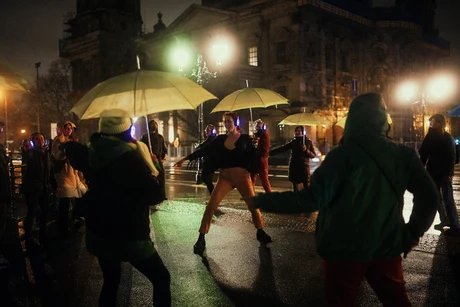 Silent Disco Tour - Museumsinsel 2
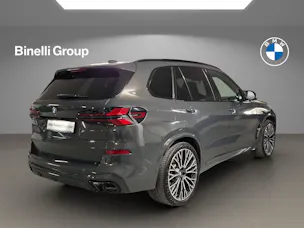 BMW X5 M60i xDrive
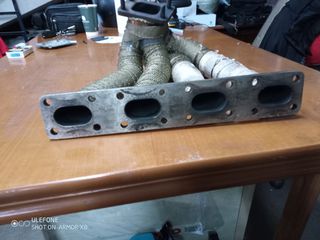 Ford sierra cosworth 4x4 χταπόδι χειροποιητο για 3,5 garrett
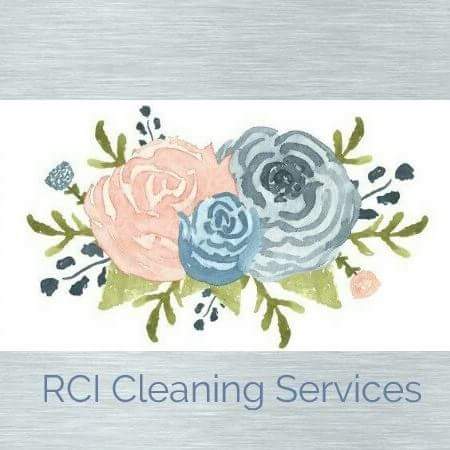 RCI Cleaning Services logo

____________________

I would like the material above returned exactly as it stands, without its pictures.

*Exercise output:*
 Silent Disco Tour - Museumsinsel 2
 BMW X5 M60i xDrive
 Ford sierra cosworth 4x4 χταπόδι χειροποιητο για 3,5 garrett
 RCI Cleaning Services logo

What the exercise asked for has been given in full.